Ben Stein Watch: January 27, 2008

What is it with Ben Stein and his conspiracy theories? When he first started blaming Goldman Sachs traders for causing the market’s sell-off, it was easy to laugh at him. But he doesn’t seem to be letting go, and at this point I think maybe we should start being quite worried about him instead. At this point Stein is presenting himself as a cross between short-bashing Overstock CEO Patrick Byrne and Soros-bashing former Malaysian prime minister Mahathir Mohamad; if he goes much further, I fear he’ll start blaming the Rosicrucians, or maybe engrams. (He is a creature of Hollywood, after all.)

Stein uses his column this week to propound what he calls "financial realism," wherein market moves reflect decisions by human traders rather than "the real economic situation". Which is profoundly silly even by Ben Stein standards.

Of course prices are set by traders, that’s traders’ job. Some people think that if you get enough traders together, then the Invisible Hand or the Wisdom of Crowds or some other economic cliché will align market prices with economic realities. But what Stein fails to understand is that insofar as market prices are aligned with economic realities, that’s not because individual traders are trying to align prices with whatever their own idea of economic reality might be. It’s just that when you get a whole bunch of profit-oriented traders together in the same market at the same time, that’s what generally, over the long term, tends to happen.

Markets are an emergent system, like, say, an anthill. Any given ant has no particular intelligence, and moves around in a random fashion. But the anthill of which is it a part has a definable mind of its own. When Stein blames traders for the market’s fall, then, he’s blaming bad ants for the actions of the anthill. Which ascribes to them much more power than they actually have.

"The amount of money available to large professional traders is so large that they can overwhelm the market, at least for a while, anytime they want," says Stein. What he doesn’t say is that "a while", in this context, is normally measured in minutes, or perhaps hours – not in days and certainly not in weeks.
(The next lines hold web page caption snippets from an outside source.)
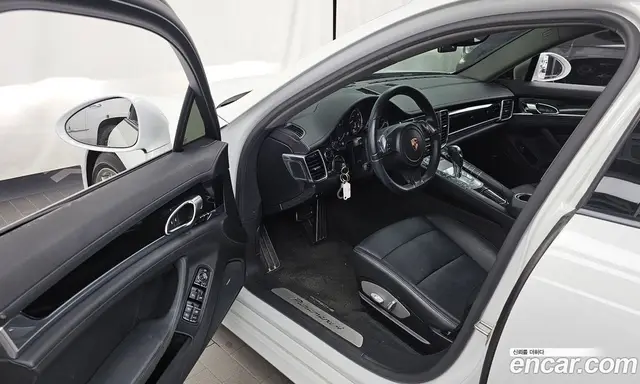 Porsche Panamera 2013 3.6 автомат (гидро), миниатюра 10 Porsche Panamera 2013 3.6 автомат (гидро), миниатюра 10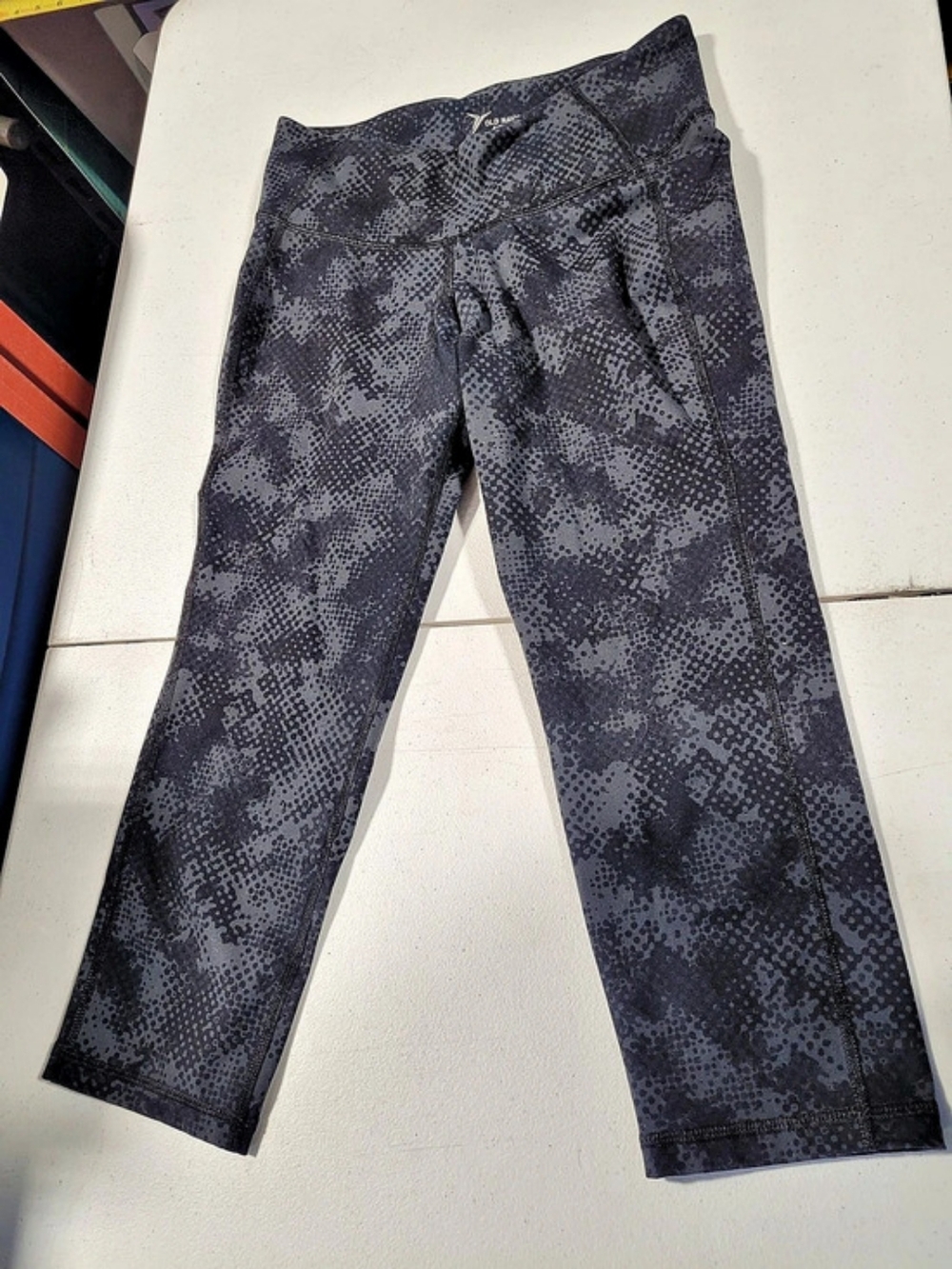 Old Navy Active Go-Dry Compression Crop Leggings Gray Small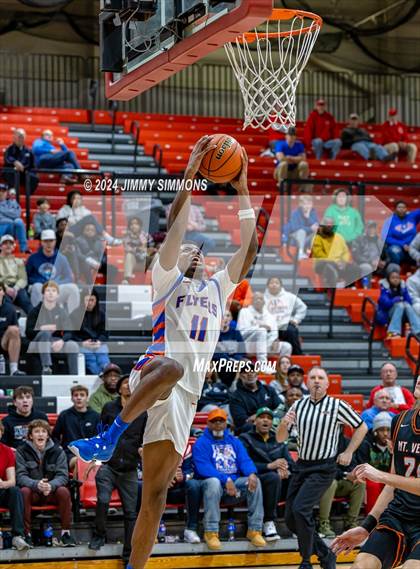 Thumbnail 3 in East St. Louis vs. Mt. Vernon (IHSA 3A Sectional Semifinals) photogallery.
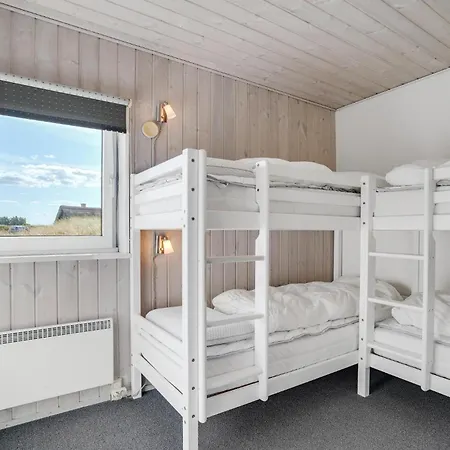 Дом отдыха Cozy In Hvide Sande With Sauna Bjerregard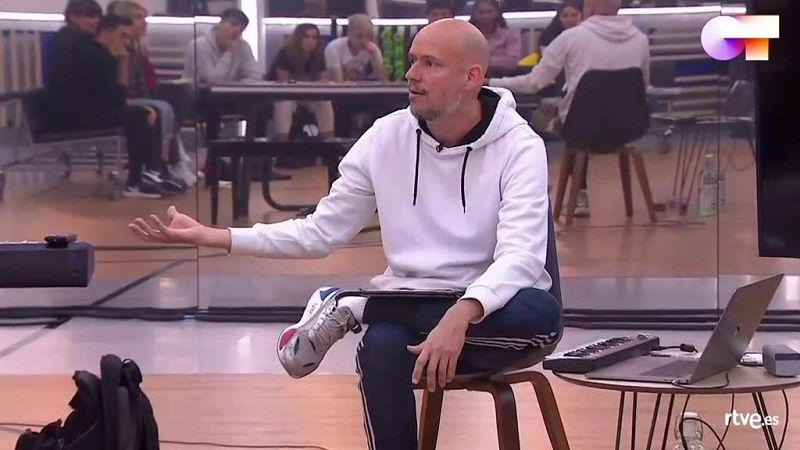 Guille Milkyway, el profesor de Cultura Musical de OT 2017 y líder del grupo La casa azul, les ha dado una clase magistral de composición a los concursantes de OT 2020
If the broad stock market is down 14% from its highs, there’s simply no way that can be attributed to large professional traders overwhelming the market. As Stein himself points out, we’re talking about trillions of dollars in value here: even with leverage, no professional traders control anything like that much money.

And it would be nice if Stein would stop talking about those trillions as "losses," as if everybody bought all of their stocks right at the top of the market. Let’s say Andy has a painting for which Bill (but no one else) would be happy to pay $500. When Bill dies, has Andy just lost $500? Not at all. The market value of Andy’s assets might have gone down, since now there isn’t a buyer for Andy’s painting. But using the word "losses" is a bit extreme.

But Stein actually goes even further than that:

The losses in the stock market since the highs of October 2007 are about 14 percent. This predicts — very roughly — a fall in corporate profits of roughly 14 percent.

It’s really hard to understand what Stein is driving at here. He clearly doesn’t believe in some strong version of the efficient markets hypothesis which says that expected corporate profts really have fallen by 14% since October. The implication seems to be that the efficient markets hypothesis held in October, and that the market was pricing in future profits correctly; and that it doesn’t hold today, in the wake of all that short-selling by those nasty traders.

On the other hand, there’s no reason why the efficient markets hypothesis shouldn’t be holding right now, and that the market was irrationally exuberant in October. Which is probably a more likely scenario, given the disconnect between stock prices and bond prices back then. And of course it’s always possible that the efficient markets hypothesis wasn’t holding then, isn’t holding now, and that markets are simply gyrating as markets will, with only a very loose connection to the real economy or corporate profits.

But really everything you needed to know about this column you got right at the very beginning:

LONG ago and far away, I was a student of law and of economics at Yale. The economics I found fairly easy…

Economics was not, is not, and never will be "fairly easy". If you think that economics is "fairly easy" you’re wrong, no matter how high the grades that your Yale professors give you. Stein, it would seem, learned one main thing at Yale: that when it comes to matters economic, you can be lazy and still get things right. Unfortunately, no one seemed to teach him that you can also be lazy and get things spectacularly wrong. Which is funny, considering that that’s what Stein teachers his readers every time he writes a column for the New York Times.